Delia Cai’s Poignant Debut Novel Asks: Can You Ever Really Go Home Again?

Throughout my 20s, especially living in New York, the way I’ve talked about being from a small town in central Illinois has totally changed, because I had kind of figured out that you can get a laugh if you’re really self-deprecating about it and tell people about how you had a “drive your tractor to school” day. After the 2016 election, though, all these people I talked to every day in New York were saying, “Oh, I didn’t realize people thought that way.” I think they were honestly just kind of intrigued; like, something I tell people is that as an Asian person in New York City, the most different thing about me is that I come from this small town. People would ask me: “Can you walk me through why you weren’t surprised when Trump won?” And I was just like, when Obama was elected, there were kids running through my school saying he was going to get assassinated. It was like, I’m not surprised right now, because this has been happening.
Were there any books you really liked or looked to for inspiration while writing Central Places**?**
I really loved Jenny Zhang’s Sour Heart. I was kind of like, “Whoa, I didn’t know you could write about a very specific kind of childhood and make it gross and disturbing and weird,” and I really loved that. Obviously, it’s about growing up Chinese American and having really complicated feelings about it; I remember she wrote about a character who is all grown up and kind of still dealing with her younger brother, feeling like she wasn’t there for him, just that classic parent/adult child thing.
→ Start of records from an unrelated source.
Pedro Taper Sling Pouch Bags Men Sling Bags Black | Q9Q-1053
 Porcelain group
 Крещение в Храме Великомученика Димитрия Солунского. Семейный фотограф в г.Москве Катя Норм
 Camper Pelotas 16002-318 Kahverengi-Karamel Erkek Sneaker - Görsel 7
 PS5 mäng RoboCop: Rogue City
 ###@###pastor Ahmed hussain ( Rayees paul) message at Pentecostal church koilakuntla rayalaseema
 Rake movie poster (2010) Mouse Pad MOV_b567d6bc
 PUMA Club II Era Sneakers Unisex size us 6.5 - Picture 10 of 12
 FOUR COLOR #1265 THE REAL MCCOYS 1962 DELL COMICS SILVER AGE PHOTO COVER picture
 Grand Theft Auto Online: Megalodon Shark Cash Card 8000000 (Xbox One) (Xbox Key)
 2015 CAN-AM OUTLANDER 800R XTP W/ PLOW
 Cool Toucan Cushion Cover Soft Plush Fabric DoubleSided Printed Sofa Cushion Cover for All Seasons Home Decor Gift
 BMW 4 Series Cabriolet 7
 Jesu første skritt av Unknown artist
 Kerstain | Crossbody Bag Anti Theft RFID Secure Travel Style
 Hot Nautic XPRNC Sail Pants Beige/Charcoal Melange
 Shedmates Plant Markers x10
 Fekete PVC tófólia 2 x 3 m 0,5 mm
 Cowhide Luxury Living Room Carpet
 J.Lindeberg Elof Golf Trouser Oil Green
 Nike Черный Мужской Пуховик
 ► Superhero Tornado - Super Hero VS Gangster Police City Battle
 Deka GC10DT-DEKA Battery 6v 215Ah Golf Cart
What was it like emotionally to write about someone who shares certain important biographic details with you, but isn’t actually you?
Emotionally, the novel feels very real; like, all of the things that happen up until the trip home, and the main character’s background is similar to mine. I’ve never brought a fiancé home to meet my parents, but I’ve come close to that, so in some ways, it was like this mental exercise of, I wonder what this would be like. Let’s play that out. I realized more and more while I was writing it that I was almost standing in for the character of the white boyfriend from New York; the character of Ben is applying a gaze that I’ve definitely imposed onto my own life. He’s having this more judgmental, knee-jerk response to what he’s seeing.